Bonds' new career line

Bonds, for what it's worth, hit .336/.468/.693 in 81 real-world games in Coors Field, an inflated line that pales only in comparison to the .513/.583/.949 line he put up in 10 games at Denver's Mile High Stadium, the predecessor to Coors.

Bonds, across his 22 seasons in three home ballparks (Three Rivers Stadium in Pittsburgh, and Candlestick Park and Pacific Bell Park in San Francisco), hit .298/.444/.607, for a total OPS of 1.051. Unadjusted for era or ballpark, that 1.051 OPS is the fourth-best ever, behind Ruth, Ted Williams, and Lou Gehrig.

Our purple-clad Bonds, meanwhile, hit .354/.507/.719, for a total OPS of 1.226.

Wait, "purple-clad Bonds." You need to see that. We all do. Well, maybe not you, Giants fans. Look away.

The new five best Bonds home run seasons

2001 -- 95 (actual: 73)
1994 -- 67 (actual: 37 in 112 games)
2002 -- 61 (actual: 46)
2000 -- 60 (actual: 49)
1993 -- 59 (actual: 46)

The new Bonds made it to 60 four times, and note also that two of these years (1993 and '94) came at Candlestick in his first two years with the Giants. The Stick, in '93, had a hitting park factor of 93, making it just about as hitter-unfriendly as Pacific Bell was.

The new five best Bonds offensive seasons by OPS

2002 -- 1.600 (actual: 1.381)
2001 -- 1.599 (actual: 1.379)
2004 -- 1.594 (actual: 1.422)
2003 -- 1.450 (actual: 1.278)
1993 -- 1.319 (actual: 1.136)

These seasons were already all absurd. Put them in '99 Coors, and they're off the charts.

The new "worst" Bonds season

In reality, Bonds never had an actively poor season, setting aside the injury-plagued 2005 that saw him get into just 14 games. But if you were to sort the other 21 seasons from best OPS to worst OPS, his weakest would have been his rookie season of 1986, where he hit a roughly league-average .223/.330/.416, a .746 OPS that had a 103 OPS+. (Yes, it seems surprising that line was league-average. The mid-80s weren't a high point for offense.)

Take that out of 1986 Three Rivers and put into 1999 Coors Field, that turns into: .267/.385/.500, an .885 OPS. That's approximately what Ronald Acuña Jr. actually had in 2019. Acuña is a star.
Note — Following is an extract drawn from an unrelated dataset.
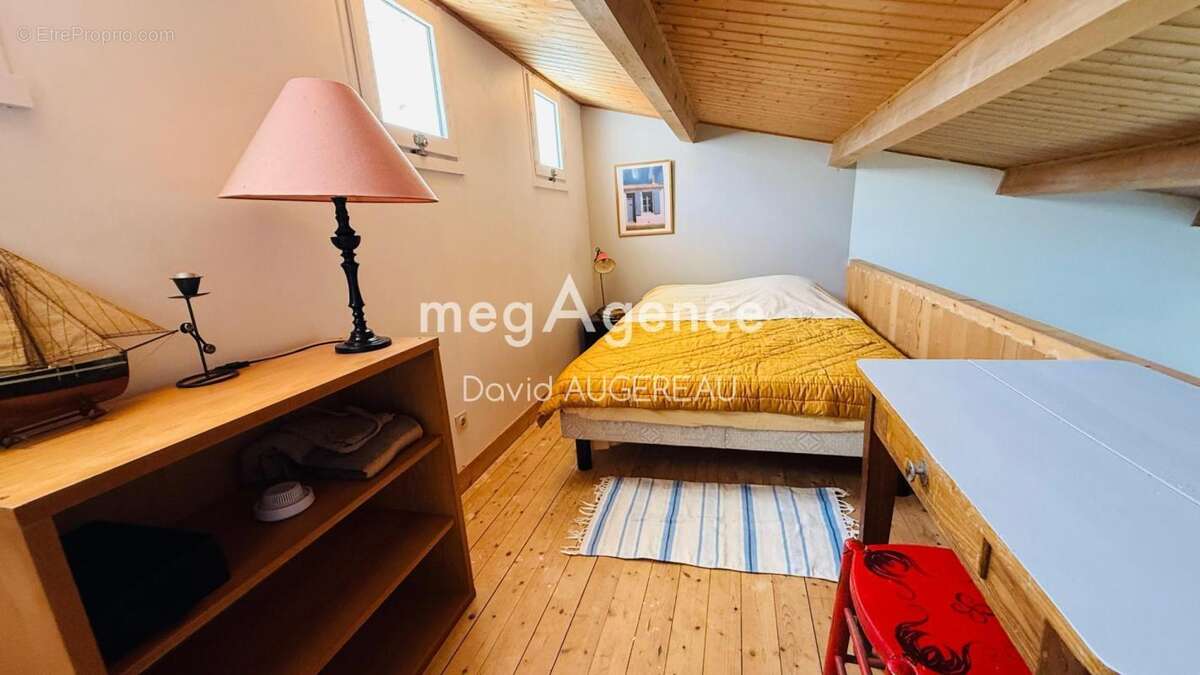 Maison à L'ILE-D'YEU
This would have been our hypothetical Bonds's low point.

The road to 95 homers

OK, seriously though, 95 home runs. Last year set the all-time record for homers in a Major League season, and even in that homer-happy year, the Marlins as a team went deep only 146 times.

The toy we're using doesn't really allow us to get granular and say this ball would have been out or that one would have, and 2001 was well before the advent of Statcast metrics like exit velocity or launch angle. But we do, at least, have a look at his 2001 batted ball spray chart.
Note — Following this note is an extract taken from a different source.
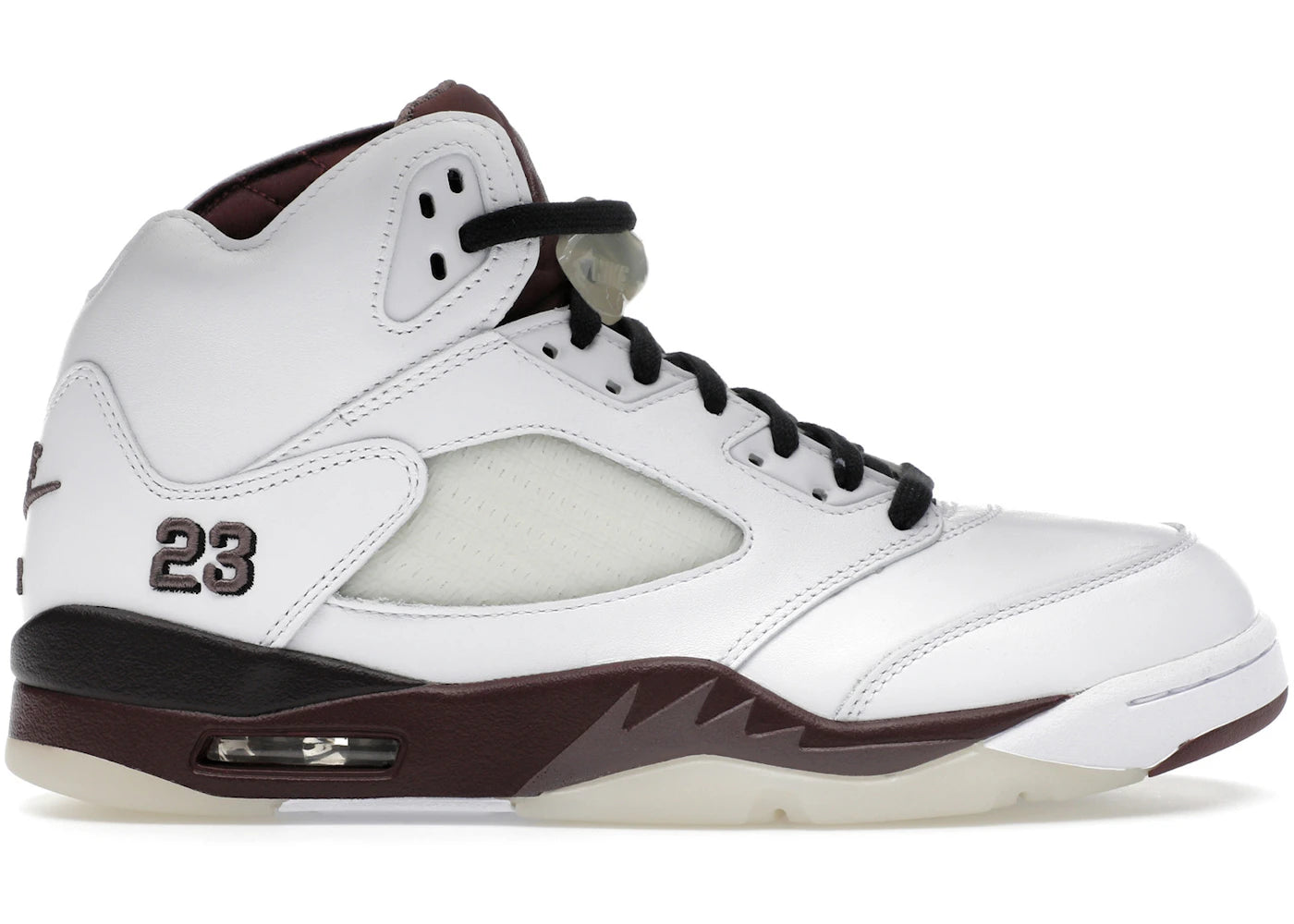 780587 Jordan 5 Retro A Ma Mani��re Black Collective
This doesn't tell the entire story, because part of the adjustment includes fewer strikeouts, too. The real Bonds whiffed 14% of the time; our hypothetical Bonds whiffed only 12% of the time. So imagine there are a few more dots on this chart. Imagine that the ones that are already there have an extra few feet on them, even though Coors is a larger park in some areas. It's not that hard to see how more hits + more distance = more homers.

Of course, none of this solves for the real problem. Bonds already holds the all-time records for intentional walks (688, more than double the 311 of Albert Pujols in second) and walks (2,558, by 368 over Rickey Henderson). The real Bonds was already actually given an intentional walk with the bases loaded. Imagine, now, that we're giving one of history's most feared sluggers one of history's most feared hitting environments? It's hard to hit home runs when you're getting intentionally walked 500 times.